-------- DATASET RECORDS

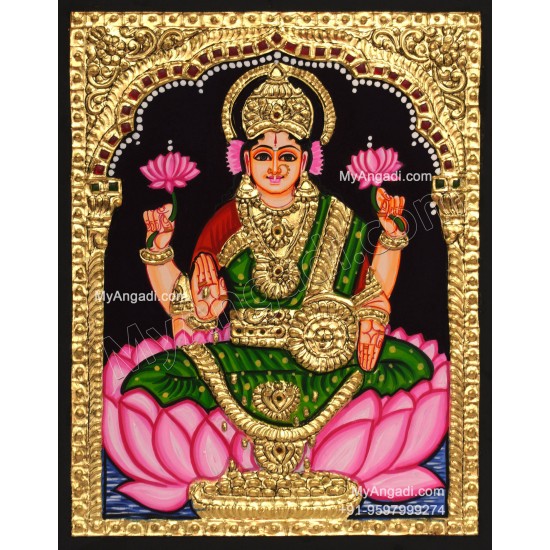 Mahalakshmi Tanjore Painting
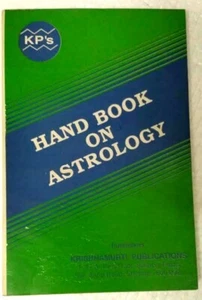INDIA ASTRO: KP's MANUAL SOBRE ASTROLOGÍA KRISHNAMURTI PADHDHATI 1998 1a Edición - Imagen 1 de 4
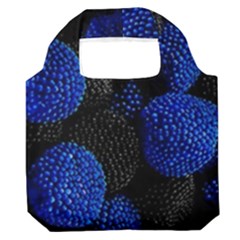 Raspberry One Edge Premium Foldable Grocery Recycle Bag by Cemarart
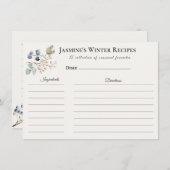 Faire-part Winter Recipe Card – Kitchen Stationery (Devant / Derrière)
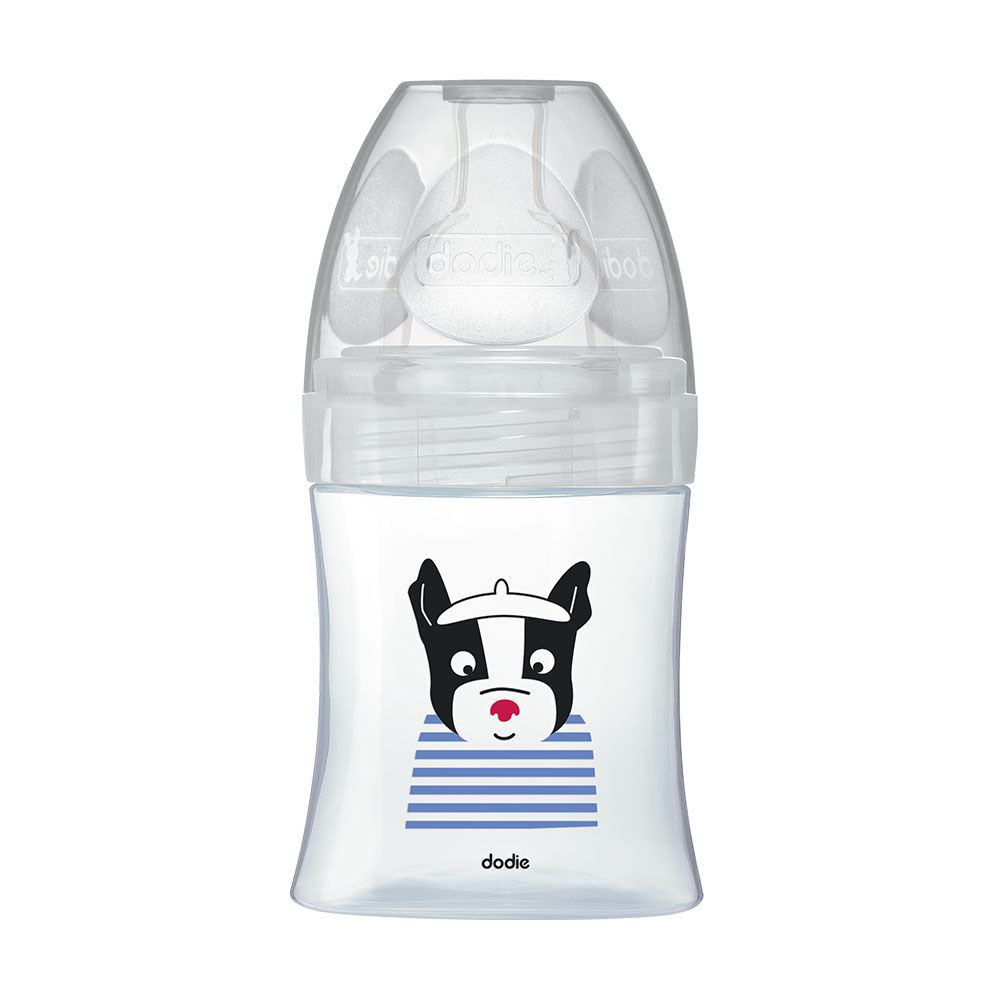 Dodie GLASS FEEDING BOTTLE 0 TO 6 MONTHS FLOW 1 SENSATION+ 150ML DODIE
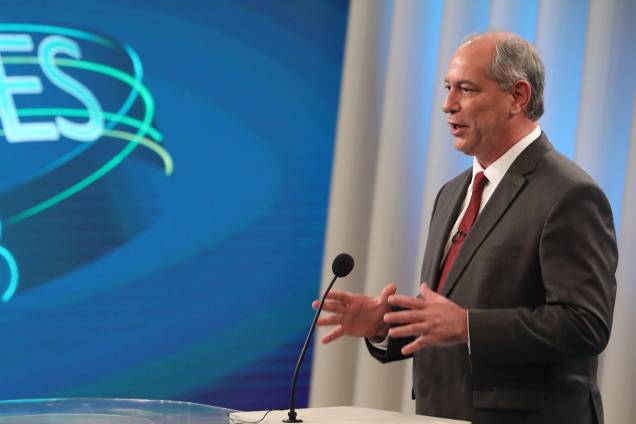 Ciro Gomes (PDT), candidato à Presidência da República, participa de debate realizado pela TV Globo - 04/10/2018 Ciro Gomes (PDT), candidato à Presidência da República, participa de debate realizado pela TV Globo - 04/10/2018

----------------

EXERCISE DESCRIPTION =>
Line by line, transcribe the records exactly, omitting the images.

EXERCISE OUTPUT =>
 Mahalakshmi Tanjore Painting
INDIA ASTRO: KP's MANUAL SOBRE ASTROLOGÍA KRISHNAMURTI PADHDHATI 1998 1a Edición - Imagen 1 de 4
 Raspberry One Edge Premium Foldable Grocery Recycle Bag by Cemarart
 Faire-part Winter Recipe Card – Kitchen Stationery (Devant / Derrière)
 Dodie GLASS FEEDING BOTTLE 0 TO 6 MONTHS FLOW 1 SENSATION+ 150ML DODIE
 Ciro Gomes (PDT), candidato à Presidência da República, participa de debate realizado pela TV Globo - 04/10/2018 Ciro Gomes (PDT), candidato à Presidência da República, participa de debate realizado pela TV Globo - 04/10/2018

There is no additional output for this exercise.